TASK:
Repeat the data exactly as given below, dropping every picture.

SUPPLIED DATA:
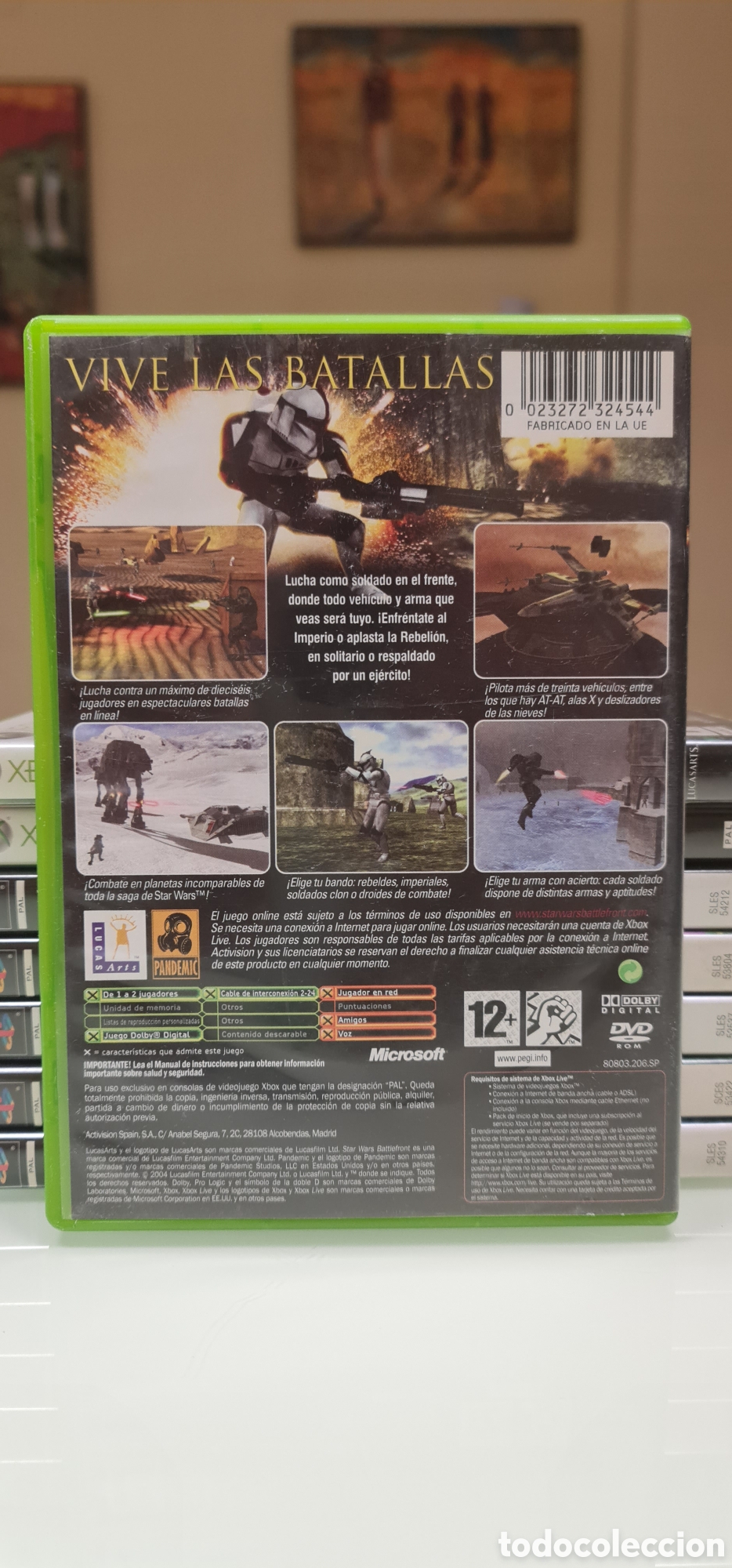 Videojuegos y consolas: Star Wars Battlefront Xbox PAL Espa&ntilde;a Completo - Foto 3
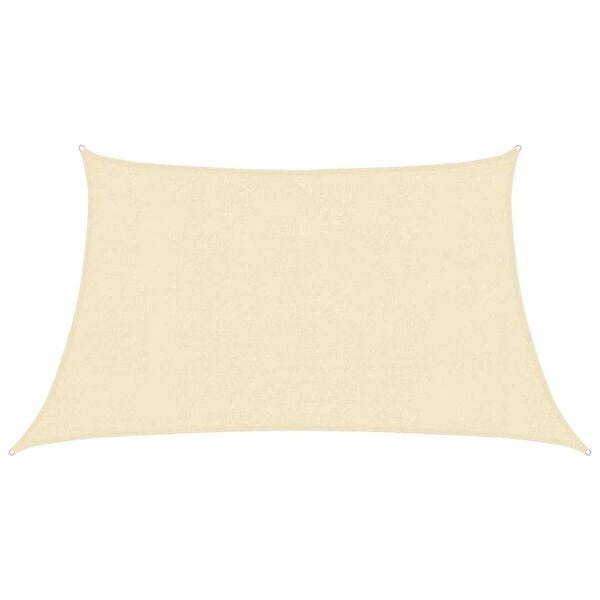 Voile d'ombrage trapézoïdale 3/4x2 m crème - 33% de remise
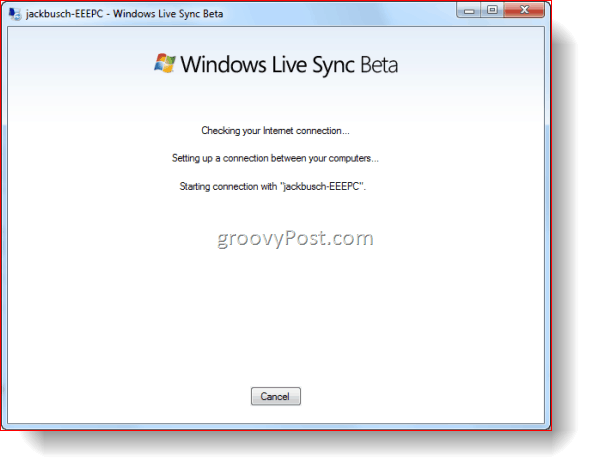 Windows Live'i sünkroonimise beetaversioon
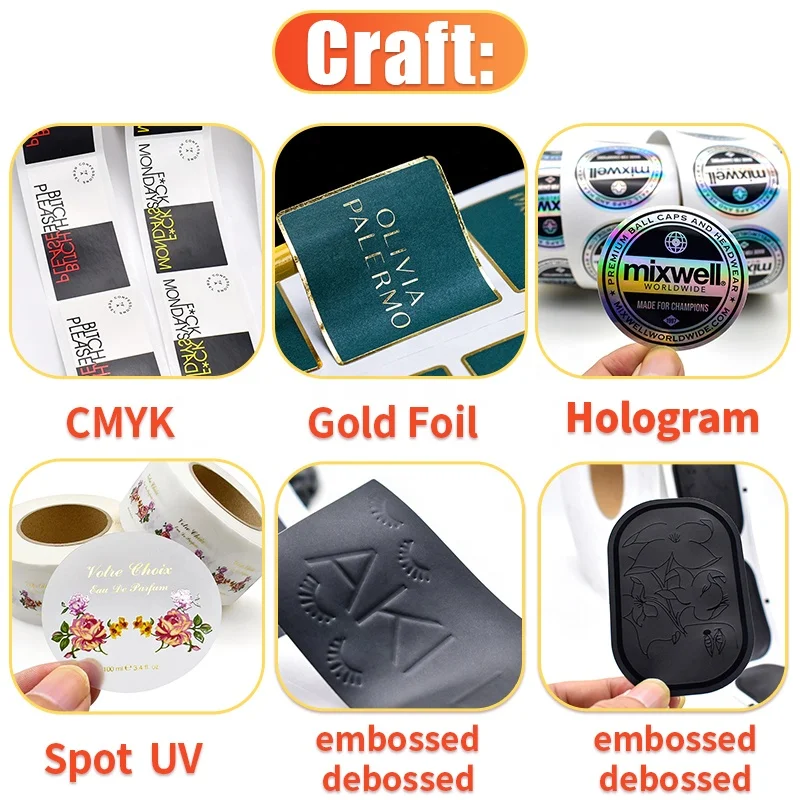 Customization OEM custom plastic bottle label sticker print manufacturer for industrial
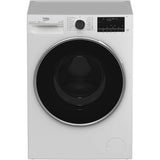 Masina de spalat rufe Beko B3WFU584110W, 8 kg, 1400 rpm, Clasa A, SteamTherapy, SteamCure, Recycled Tub, ProSmart Inverter Motor, Homewhiz through Bluetooth, AddXtra, Alb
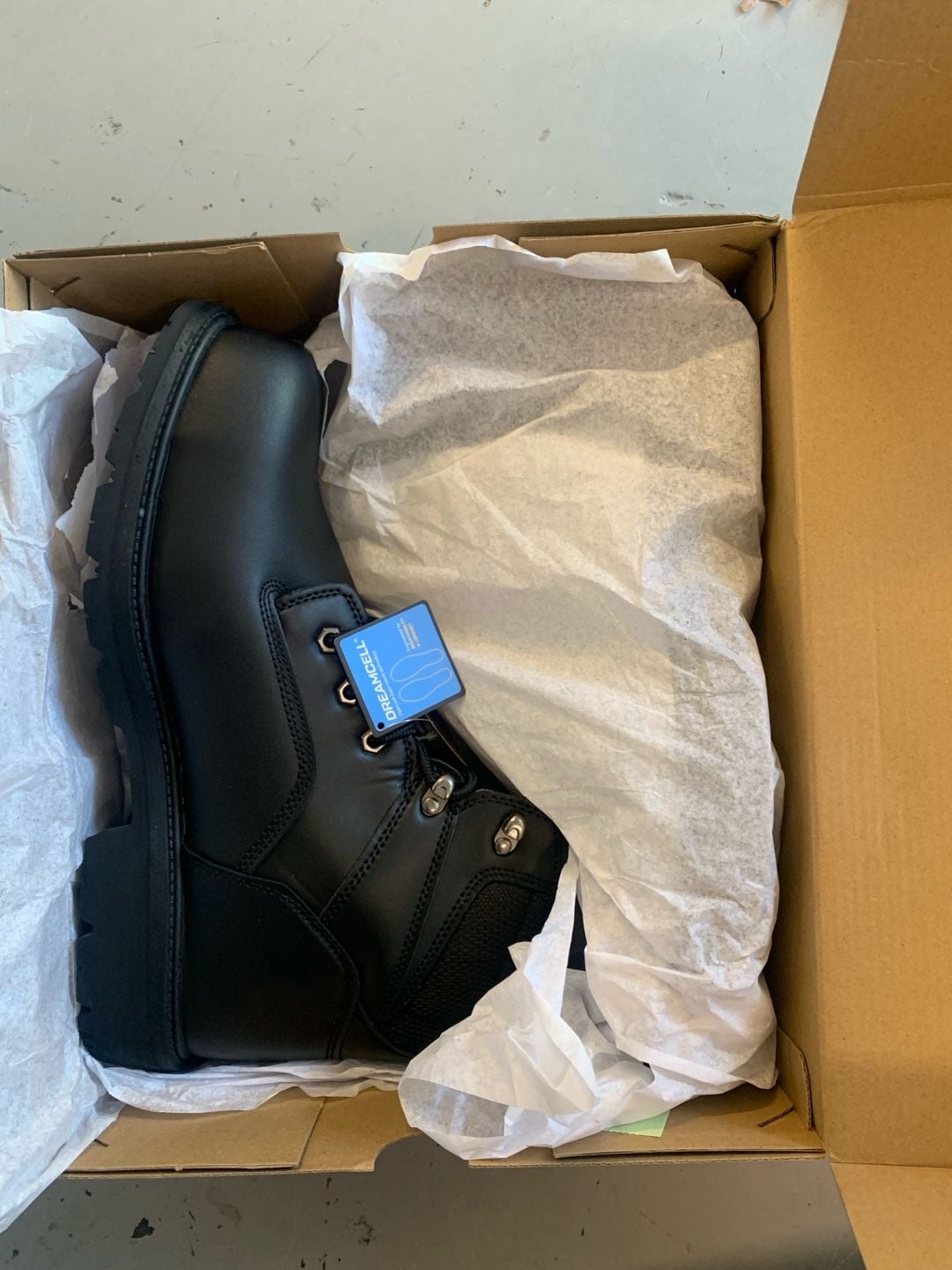 Brahma Gus 2.0 Steel Toe Work Boots Size 13W Black Leather NEW 3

RESULT:
 Videojuegos y consolas: Star Wars Battlefront Xbox PAL Espa&ntilde;a Completo - Foto 3
 Voile d'ombrage trapézoïdale 3/4x2 m crème - 33% de remise
 Windows Live'i sünkroonimise beetaversioon
 Customization OEM custom plastic bottle label sticker print manufacturer for industrial
 Masina de spalat rufe Beko B3WFU584110W, 8 kg, 1400 rpm, Clasa A, SteamTherapy, SteamCure, Recycled Tub, ProSmart Inverter Motor, Homewhiz through Bluetooth, AddXtra, Alb
 Brahma Gus 2.0 Steel Toe Work Boots Size 13W Black Leather NEW 3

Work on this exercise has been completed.